Room in Arab region for women’s equality

Gender justice relies on accountability and equality.  

Salma Al-Nemes, Secretary General of the Jordanian National Committee for Women, spoke about the forum’s importance, saying that it aims to “emphasize that there is still room in the Arab region to achieve women’s equality.”  

She stressed that problems can only be solved if they are recognized, and that countries can benefit “from the experiences of the Arab and Islamic countries that have achieved equality and build on this by adapting it to national reality.”  

Because national and local contexts differ, Ms. Al-Nemes acknowledged that “we must examine how to meet these challenges in an appropriate context so that we can achieve equality not only in legislation, but in practice as well”. 

For her part, Naziha el Obaidi, Minister of Women, Family, Childhood and the Elderly of Tunisia, told UN News about her Government’s decree that “when considering the appointment of a senior official in the country, four biographies of candidates, two for women and one for men, should be submitted.” 
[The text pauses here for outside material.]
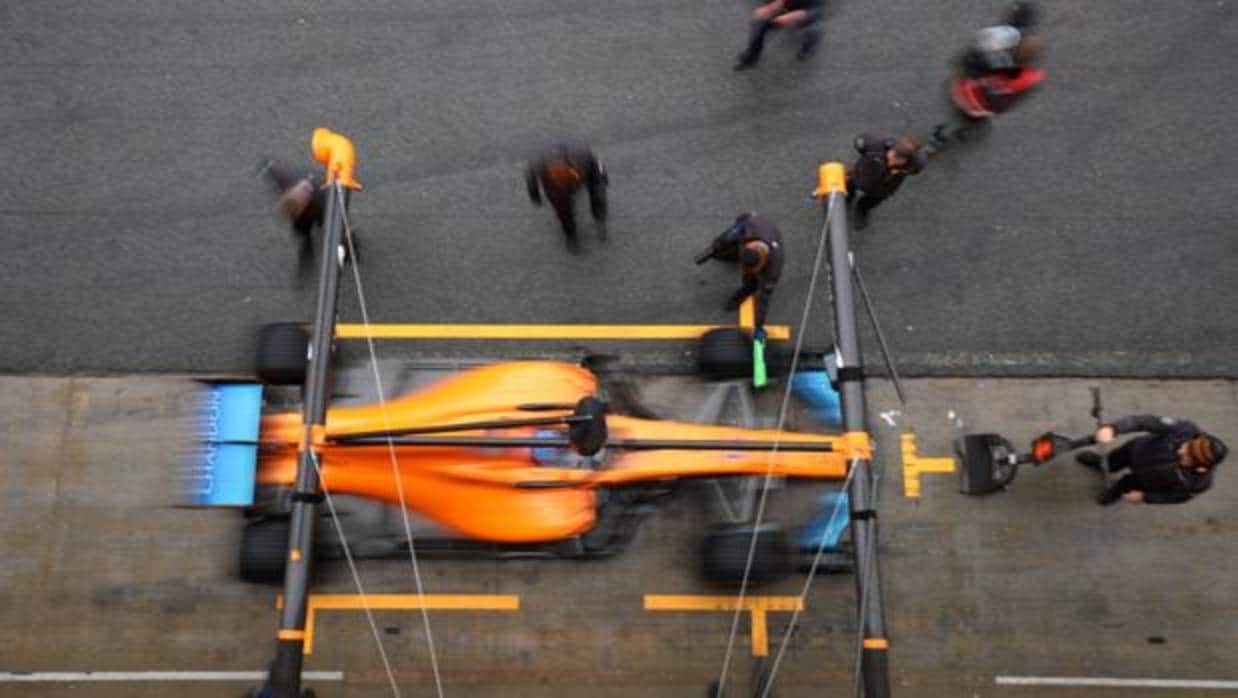 El coche de Fernando Alonso, en boxes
Also in Tunisia, the law of ‘horizontal equinoxes and vertical equinoxes’ states that if an electoral list is headed by a woman, a man must hold the second position, and vice versa. Ms. el Obaidi credited this with women’s participation nearly 48 per cent of municipalities, noting that this law will also be implemented in the legislative elections. 

Honour crimes

Because gender-based violence is a major barrier to gender justice, Gender justice and the law closely examines its various forms, including sexual, physical and psychological and economic violence, assessing laws and policies that affect gender equality and protect against gender-based violence.
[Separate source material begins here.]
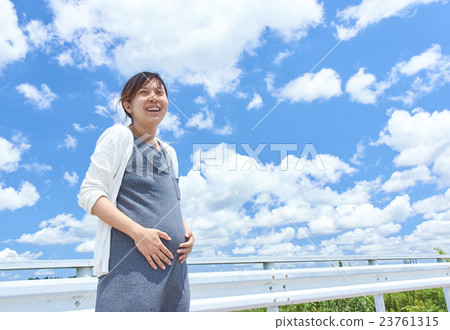 Pregnant women blue sky Laughing upper body 23761315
For example, the penalties for committing so-called honour crimes – which include murder, wounding and beating – vary, depending on the country.

In Algeria, Bahrain, Morocco, Qatar, Syria and Yemen a sentence can be reduced if a “spouse” is caught in an act of adultery.
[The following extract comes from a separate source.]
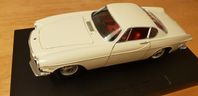 VOLVO 1800 s P1800 1:18 modell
Whereas in Djibouti and Sudan there are no specific provisions identified in the Penal Code to reduce penalties for these crimes.

Leniency for perpetrators of honour crimes against women in Saudi Arabia is not codified in the law, so men are sentenced at the court’s discretion.

Meanwhile, the Penal Code in Egypt spells out that if a husband kills his wife committing adultery, he and the man with whom she was with would receive reduced penalty not to exceed three years in prison.

Should “a person” kill a wife, daughter or sister, or her sexual partner, in the sudden heat of rage after finding her in a sexual act in Somalia, the penal code requires a reduced sentence.

If a man kills his wife or one of his female relatives while engaging in the act of adultery in Iraq, he would be incarcerated for no more than three years. In Libya the sentence would not exceed eight years.

At the same time, some countries repealed reduced sentences for honour crimes, such as Lebanon in 2011, Oman in 2001 and Tunisia in 1993.

While the penal code in Jordan was amended in 2017 to prevent reduced penalties for honour crimes, the original mitigated penalties for murdering a spouse caught in the act of adultery has yet to be removed. Similarly, mitigation of penalties for honour crimes in the Occupied Palestinian Territories were repealed in 2011 in the West Bank and 2018 in Gaza, however, the Government there has not applied the reforms. 

Honour crimes are just one of the topics addressed in the study. Violence manifest itself in many ways, including rape, sexual harassment, child and forced marriage, female genital mutilation/cutting and other harmful traditional practices – all of which the study covers.  

It is worth mentioning that the UN Commission on the Status of Women is responsible for developing global policies to promote gender equality and women’s empowerment. The annual session, which drew to a close on 22 March, provides an opportunity to review progress and identify difficulties, challenges and policy formulation.